-------- Source material
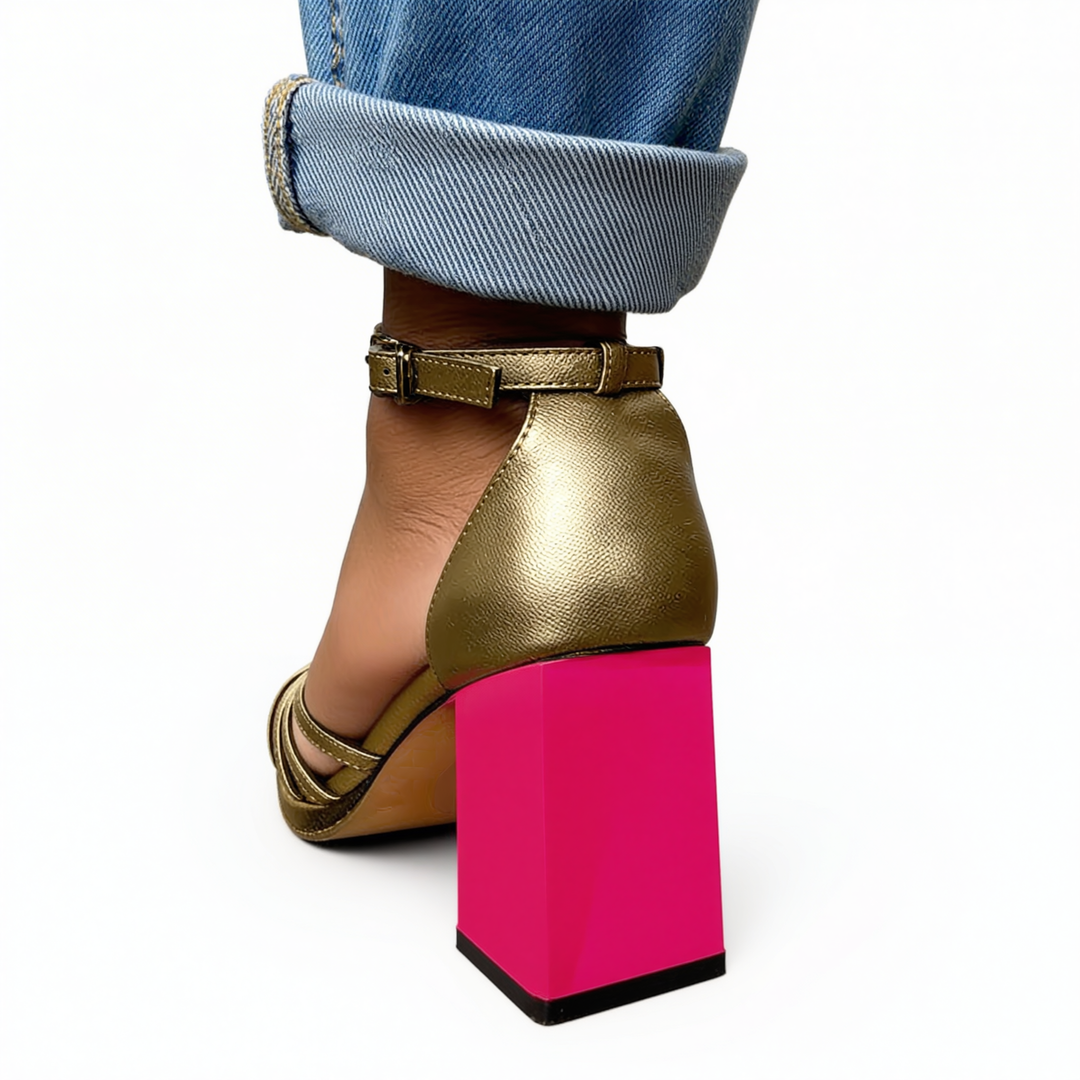 Seraphine - Metallic Platform Sandals
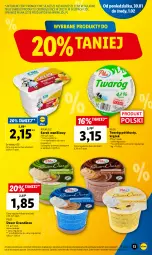 Gazetka promocyjna Lidl - GAZETKA - Gazetka - ważna od 01.02 do 01.02.2023 - strona 17 - produkty: Ser, Gra, Twaróg, Rolmlecz, Serek, Pilos, Twaróg półtłusty, Deser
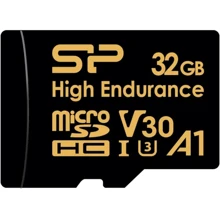Карта памяти Silicon Power 32GB microSDHC Class 10 UHS-I U3 A1 V30 Gold Endurance + adapter (SP032GBSTHDV3V1HSP): Тип карты MicroSDHC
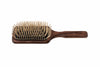 Holzstiftbürste, Paddle-Brush, Nussbaum, gerade Holznoppen, 11-reihig, 25,5cm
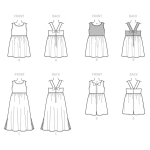Выкройка: Children`s, sizes: Girls` Dress and Culottes, Butterick B6202 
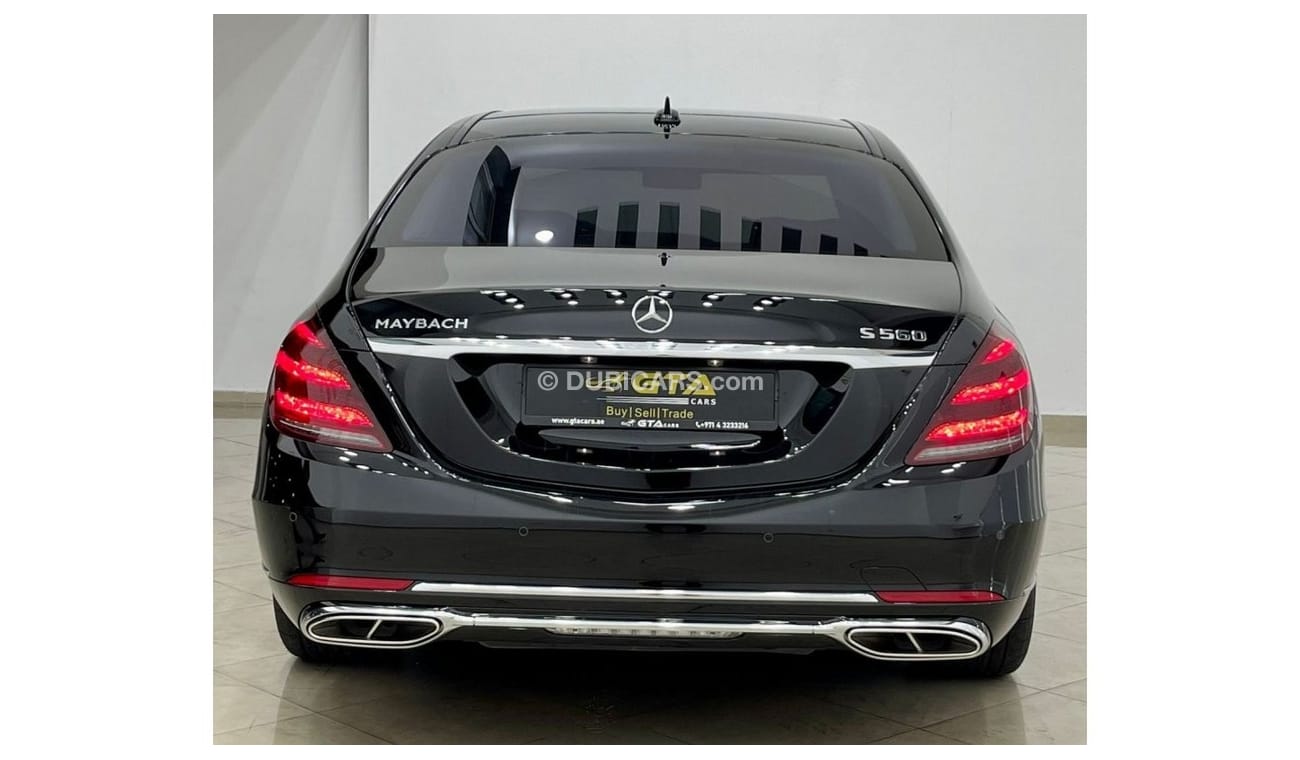 مرسيدس مايباخ S560 مايباخ 2020 Mercedes S560 Maybach 4MATIC, Full Gargash Service History, European Specs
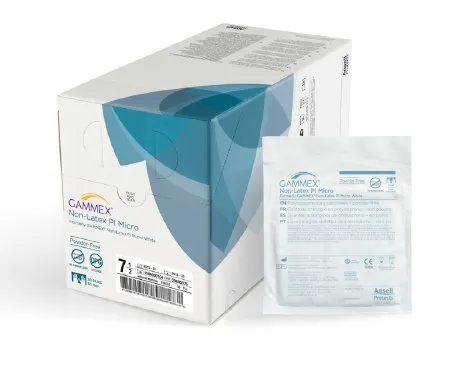 Ansell - GAMMEX Non-Latex PI Micro - 20685960 - Surgical Glove GAMMEX Non-Latex PI Micro Size 6 Sterile Polyisoprene Standard Cuff Length Micro-Textured White Chemo Tested
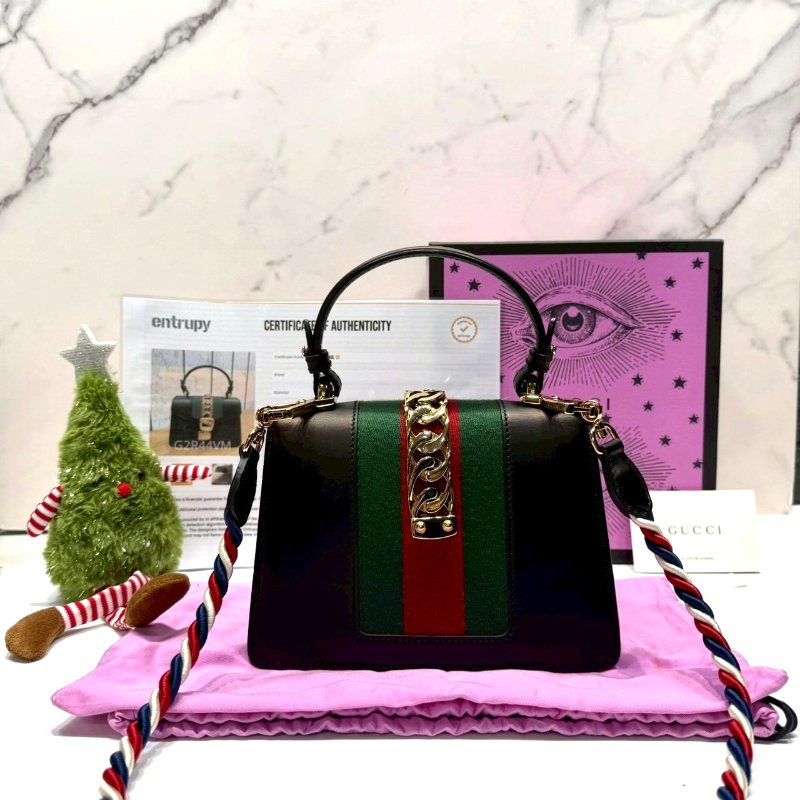 GUCCI Sylvie手提斜背包-1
----------------
If an entry holds a picture, leave the picture out and repeat the rest exactly.

 Seraphine - Metallic Platform Sandals
 Gazetka promocyjna Lidl - GAZETKA - Gazetka - ważna od 01.02 do 01.02.2023 - strona 17 - produkty: Ser, Gra, Twaróg, Rolmlecz, Serek, Pilos, Twaróg półtłusty, Deser
Карта памяти Silicon Power 32GB microSDHC Class 10 UHS-I U3 A1 V30 Gold Endurance + adapter (SP032GBSTHDV3V1HSP): Тип карты MicroSDHC
 Holzstiftbürste, Paddle-Brush, Nussbaum, gerade Holznoppen, 11-reihig, 25,5cm
Выкройка: Children`s, sizes: Girls` Dress and Culottes, Butterick B6202 
 مرسيدس مايباخ S560 مايباخ 2020 Mercedes S560 Maybach 4MATIC, Full Gargash Service History, European Specs
 Ansell - GAMMEX Non-Latex PI Micro - 20685960 - Surgical Glove GAMMEX Non-Latex PI Micro Size 6 Sterile Polyisoprene Standard Cuff Length Micro-Textured White Chemo Tested
 GUCCI Sylvie手提斜背包-1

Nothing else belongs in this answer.